Quick summary
Summarize this blog with AI
Introduction
CASE WHEN looks harmless because the syntax is easy to read. In SQL interviews and analytics work, it is also one of the fastest ways to get a believable but wrong metric.
The common mistake is treating CASE like a filter. It is not a filter. A CASE expression returns a value for each row. Then COUNT, SUM, AVG, or another aggregate decides what to do with those returned values.
That one mental model explains most conditional aggregation bugs: why COUNT(CASE ... ELSE 0 END) counts every row, why missing values do not fall into <> branches, why WHERE and CASE can produce the same numerator but a different denominator, and why interviewers keep asking these questions even though the syntax seems basic.
The Sample Data
Use this small table throughout the article:
-- expenses
-- id | department | amount | status
-- 1 | HR | 50 | approved
-- 2 | Sales | 120 | approved
-- 3 | Sales | 200 | rejected
-- 4 | NULL | 80 | approved
-- 5 | Sales | NULL | approved
-- 6 | HR | 30 | NULL
The table intentionally includes a missing department, a missing amount, and a missing status. Those are the rows that expose weak SQL.
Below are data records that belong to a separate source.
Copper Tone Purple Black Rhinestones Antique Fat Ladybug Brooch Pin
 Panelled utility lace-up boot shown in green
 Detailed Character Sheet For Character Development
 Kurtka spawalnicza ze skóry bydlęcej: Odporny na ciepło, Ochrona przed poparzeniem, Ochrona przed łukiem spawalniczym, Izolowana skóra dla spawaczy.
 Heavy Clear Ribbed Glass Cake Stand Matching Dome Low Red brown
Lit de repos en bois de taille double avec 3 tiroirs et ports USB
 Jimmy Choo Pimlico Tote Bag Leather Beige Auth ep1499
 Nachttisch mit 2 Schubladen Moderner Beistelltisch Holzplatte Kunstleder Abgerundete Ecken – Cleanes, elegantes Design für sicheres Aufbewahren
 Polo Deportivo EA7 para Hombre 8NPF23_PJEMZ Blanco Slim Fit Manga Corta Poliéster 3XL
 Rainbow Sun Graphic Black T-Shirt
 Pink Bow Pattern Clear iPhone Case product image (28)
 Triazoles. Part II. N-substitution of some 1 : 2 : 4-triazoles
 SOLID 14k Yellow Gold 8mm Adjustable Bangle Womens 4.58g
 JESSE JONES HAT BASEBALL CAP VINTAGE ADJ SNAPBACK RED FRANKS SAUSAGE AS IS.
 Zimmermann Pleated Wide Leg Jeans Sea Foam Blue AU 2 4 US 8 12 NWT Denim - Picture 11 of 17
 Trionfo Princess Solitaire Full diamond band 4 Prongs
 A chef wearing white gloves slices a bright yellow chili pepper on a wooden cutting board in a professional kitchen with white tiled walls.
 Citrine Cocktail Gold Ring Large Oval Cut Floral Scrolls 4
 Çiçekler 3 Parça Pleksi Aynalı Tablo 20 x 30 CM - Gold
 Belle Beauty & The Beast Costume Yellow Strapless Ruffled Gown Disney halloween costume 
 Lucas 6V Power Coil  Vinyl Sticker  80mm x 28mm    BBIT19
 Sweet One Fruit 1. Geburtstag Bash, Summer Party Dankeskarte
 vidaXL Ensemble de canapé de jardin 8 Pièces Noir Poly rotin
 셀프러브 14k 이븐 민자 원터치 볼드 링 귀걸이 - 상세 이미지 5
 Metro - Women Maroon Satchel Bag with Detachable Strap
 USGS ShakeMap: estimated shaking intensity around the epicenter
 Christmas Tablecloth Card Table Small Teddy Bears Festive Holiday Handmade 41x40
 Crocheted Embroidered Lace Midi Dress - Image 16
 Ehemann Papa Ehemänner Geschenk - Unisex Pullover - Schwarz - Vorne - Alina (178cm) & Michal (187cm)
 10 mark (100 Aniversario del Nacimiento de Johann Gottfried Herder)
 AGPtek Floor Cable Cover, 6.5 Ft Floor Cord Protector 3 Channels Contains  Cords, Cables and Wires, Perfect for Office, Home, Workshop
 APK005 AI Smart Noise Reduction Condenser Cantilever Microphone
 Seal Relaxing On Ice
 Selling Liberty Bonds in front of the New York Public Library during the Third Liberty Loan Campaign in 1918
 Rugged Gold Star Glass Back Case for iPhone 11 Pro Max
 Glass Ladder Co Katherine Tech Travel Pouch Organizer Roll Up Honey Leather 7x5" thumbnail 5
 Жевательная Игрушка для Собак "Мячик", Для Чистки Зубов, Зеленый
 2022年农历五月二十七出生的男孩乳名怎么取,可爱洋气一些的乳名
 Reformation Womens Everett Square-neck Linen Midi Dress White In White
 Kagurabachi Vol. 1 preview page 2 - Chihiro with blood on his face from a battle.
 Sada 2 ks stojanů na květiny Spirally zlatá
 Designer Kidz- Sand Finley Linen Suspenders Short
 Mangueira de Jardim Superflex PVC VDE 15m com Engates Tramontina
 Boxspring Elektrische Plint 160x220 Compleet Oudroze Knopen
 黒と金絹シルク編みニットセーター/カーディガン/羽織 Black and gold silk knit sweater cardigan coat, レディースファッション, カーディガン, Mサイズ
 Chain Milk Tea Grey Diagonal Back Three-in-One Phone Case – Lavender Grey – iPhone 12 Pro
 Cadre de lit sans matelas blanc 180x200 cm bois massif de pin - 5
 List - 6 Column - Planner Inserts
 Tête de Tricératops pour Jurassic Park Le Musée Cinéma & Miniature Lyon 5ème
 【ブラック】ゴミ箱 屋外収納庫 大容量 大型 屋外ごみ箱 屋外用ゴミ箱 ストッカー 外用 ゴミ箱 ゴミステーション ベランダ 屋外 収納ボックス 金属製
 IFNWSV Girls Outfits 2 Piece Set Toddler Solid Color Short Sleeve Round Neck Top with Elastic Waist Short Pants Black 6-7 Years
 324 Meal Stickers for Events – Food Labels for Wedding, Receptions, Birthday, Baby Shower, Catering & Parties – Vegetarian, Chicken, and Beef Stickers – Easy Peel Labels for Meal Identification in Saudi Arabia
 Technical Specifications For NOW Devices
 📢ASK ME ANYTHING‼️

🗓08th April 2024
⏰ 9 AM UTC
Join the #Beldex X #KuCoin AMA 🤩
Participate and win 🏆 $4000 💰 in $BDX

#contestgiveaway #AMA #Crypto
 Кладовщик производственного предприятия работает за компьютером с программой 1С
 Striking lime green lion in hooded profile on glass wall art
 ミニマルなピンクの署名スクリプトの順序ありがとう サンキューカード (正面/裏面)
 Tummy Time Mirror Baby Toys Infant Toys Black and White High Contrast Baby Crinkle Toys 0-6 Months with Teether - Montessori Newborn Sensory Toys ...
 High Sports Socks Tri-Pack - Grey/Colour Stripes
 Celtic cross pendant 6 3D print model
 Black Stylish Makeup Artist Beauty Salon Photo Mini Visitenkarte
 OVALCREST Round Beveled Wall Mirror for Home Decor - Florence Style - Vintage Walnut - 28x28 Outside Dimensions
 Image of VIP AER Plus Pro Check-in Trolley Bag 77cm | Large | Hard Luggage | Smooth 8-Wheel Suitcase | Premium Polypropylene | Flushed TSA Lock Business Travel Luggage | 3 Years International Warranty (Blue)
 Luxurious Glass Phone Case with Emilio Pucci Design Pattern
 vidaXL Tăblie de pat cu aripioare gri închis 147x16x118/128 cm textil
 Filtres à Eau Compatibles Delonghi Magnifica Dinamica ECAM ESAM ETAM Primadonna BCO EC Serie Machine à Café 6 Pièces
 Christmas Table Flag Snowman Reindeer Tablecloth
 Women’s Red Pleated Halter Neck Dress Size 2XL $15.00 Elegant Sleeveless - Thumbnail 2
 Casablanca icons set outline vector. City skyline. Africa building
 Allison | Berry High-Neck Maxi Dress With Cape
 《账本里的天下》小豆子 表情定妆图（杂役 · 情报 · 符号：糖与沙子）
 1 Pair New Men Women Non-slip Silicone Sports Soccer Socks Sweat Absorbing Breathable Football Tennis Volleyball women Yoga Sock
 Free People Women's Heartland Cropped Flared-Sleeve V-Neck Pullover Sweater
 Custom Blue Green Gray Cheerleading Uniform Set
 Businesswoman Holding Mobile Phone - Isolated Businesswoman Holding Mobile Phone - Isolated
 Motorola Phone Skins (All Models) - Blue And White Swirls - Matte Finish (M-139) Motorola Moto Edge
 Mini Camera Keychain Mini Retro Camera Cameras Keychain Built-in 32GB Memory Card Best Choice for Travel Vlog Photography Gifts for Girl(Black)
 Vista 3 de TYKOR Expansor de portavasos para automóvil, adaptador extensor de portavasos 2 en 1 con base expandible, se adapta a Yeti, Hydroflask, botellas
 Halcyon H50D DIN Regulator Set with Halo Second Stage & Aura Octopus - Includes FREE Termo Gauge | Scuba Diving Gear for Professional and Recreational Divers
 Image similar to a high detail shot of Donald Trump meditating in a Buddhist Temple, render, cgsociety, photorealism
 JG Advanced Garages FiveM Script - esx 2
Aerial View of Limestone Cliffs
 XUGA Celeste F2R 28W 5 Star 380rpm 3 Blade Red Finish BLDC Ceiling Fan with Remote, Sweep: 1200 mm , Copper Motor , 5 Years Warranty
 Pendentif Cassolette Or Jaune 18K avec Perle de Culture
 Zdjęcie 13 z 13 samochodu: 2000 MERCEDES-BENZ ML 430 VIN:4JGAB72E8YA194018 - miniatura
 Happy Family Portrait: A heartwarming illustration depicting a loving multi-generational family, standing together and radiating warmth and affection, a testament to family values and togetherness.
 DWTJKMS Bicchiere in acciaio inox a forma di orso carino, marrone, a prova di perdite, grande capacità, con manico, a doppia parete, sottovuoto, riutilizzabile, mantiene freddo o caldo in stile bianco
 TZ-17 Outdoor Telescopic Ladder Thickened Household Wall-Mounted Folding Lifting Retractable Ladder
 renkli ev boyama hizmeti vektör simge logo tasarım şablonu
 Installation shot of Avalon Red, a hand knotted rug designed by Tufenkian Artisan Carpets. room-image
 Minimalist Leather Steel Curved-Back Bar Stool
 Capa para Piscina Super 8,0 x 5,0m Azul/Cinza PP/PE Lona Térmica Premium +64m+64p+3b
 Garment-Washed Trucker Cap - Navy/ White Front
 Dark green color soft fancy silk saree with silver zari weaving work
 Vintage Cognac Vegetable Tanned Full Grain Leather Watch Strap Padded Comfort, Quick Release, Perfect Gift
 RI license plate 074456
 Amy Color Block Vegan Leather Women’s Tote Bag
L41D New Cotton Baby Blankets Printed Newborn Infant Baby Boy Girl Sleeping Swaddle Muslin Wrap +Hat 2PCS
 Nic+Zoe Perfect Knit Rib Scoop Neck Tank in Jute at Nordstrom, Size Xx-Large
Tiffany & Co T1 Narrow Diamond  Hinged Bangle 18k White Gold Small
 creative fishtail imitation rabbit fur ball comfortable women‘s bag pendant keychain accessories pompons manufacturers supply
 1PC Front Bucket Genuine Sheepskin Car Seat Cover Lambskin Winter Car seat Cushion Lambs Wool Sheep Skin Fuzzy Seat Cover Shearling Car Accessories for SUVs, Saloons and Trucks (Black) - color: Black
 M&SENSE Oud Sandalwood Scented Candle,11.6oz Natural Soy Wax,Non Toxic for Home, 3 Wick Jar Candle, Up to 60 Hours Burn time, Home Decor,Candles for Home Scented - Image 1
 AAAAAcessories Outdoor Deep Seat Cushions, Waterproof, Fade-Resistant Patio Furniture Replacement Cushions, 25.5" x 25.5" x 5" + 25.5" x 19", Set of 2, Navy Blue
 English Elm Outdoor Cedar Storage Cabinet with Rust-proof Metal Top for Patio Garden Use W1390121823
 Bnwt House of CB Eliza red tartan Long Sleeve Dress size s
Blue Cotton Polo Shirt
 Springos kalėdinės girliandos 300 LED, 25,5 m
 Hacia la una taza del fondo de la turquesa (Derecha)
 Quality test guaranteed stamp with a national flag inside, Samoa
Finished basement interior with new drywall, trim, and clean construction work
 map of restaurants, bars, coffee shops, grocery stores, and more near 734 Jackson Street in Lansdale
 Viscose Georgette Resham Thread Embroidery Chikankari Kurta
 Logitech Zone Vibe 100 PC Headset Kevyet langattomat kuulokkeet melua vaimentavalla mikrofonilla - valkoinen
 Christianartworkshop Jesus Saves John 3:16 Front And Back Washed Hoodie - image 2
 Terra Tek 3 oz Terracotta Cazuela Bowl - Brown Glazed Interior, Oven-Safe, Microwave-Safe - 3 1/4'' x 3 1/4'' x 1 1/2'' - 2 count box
CASE Returns a Value, Not a Row
This query labels departments:
SELECT
id,
department,
CASE
WHEN department = 'Sales' THEN 'sales'
WHEN department <> 'Sales' THEN 'not sales'
END AS department_bucket
FROM expenses
ORDER BY id;
The result is:
| id | department | department_bucket |
|---|---|---|
| 1 | HR | not sales |
| 2 | Sales | sales |
| 3 | Sales | sales |
| 4 | NULL | NULL |
| 5 | Sales | sales |
| 6 | HR | not sales |
The row with department = NULL does not become not sales. In SQL, NULL <> 'Sales' is unknown, not true. If the missing department needs its own bucket, say so:
CASE
WHEN department = 'Sales' THEN 'sales'
WHEN department IS NULL THEN 'missing department'
ELSE 'not sales'
END
This matters in interviews because many people assume an ELSE branch exists when it does not. Without an explicit ELSE, unmatched rows return NULL.
The COUNT Trap
Suppose you want to count approved rows. This version is clear and portable:
SELECT
SUM(CASE WHEN status = 'approved' THEN 1 ELSE 0 END) AS approved_rows
FROM expenses;
Expected result:
| approved_rows |
|---|
| 4 |
This version also works because non-matching rows return NULL, and COUNT(expression) ignores NULL:
SELECT
COUNT(CASE WHEN status = 'approved' THEN 1 END) AS approved_rows
FROM expenses;
The dangerous version is this:
SELECT
COUNT(CASE WHEN status = 'approved' THEN 1 ELSE 0 END) AS wrong_count
FROM expenses;
Expected result:
| wrong_count |
|---|
| 6 |
That query counts every row because both 1 and 0 are non-null. This is the shortest way to explain the trap in an interview: COUNT counts non-null expressions, not truthy expressions.
Conditional SUM
For a conditional amount, return the amount for rows that match:
SELECT
SUM(CASE WHEN status = 'approved' THEN amount ELSE 0 END) AS approved_amount
FROM expenses;
Expected result:
| approved_amount |
|---|
| 250 |
Rows 1, 2, 4, and 5 are approved. Their amounts are 50, 120, 80, and NULL. The sum is 250 because SUM ignores the NULL amount.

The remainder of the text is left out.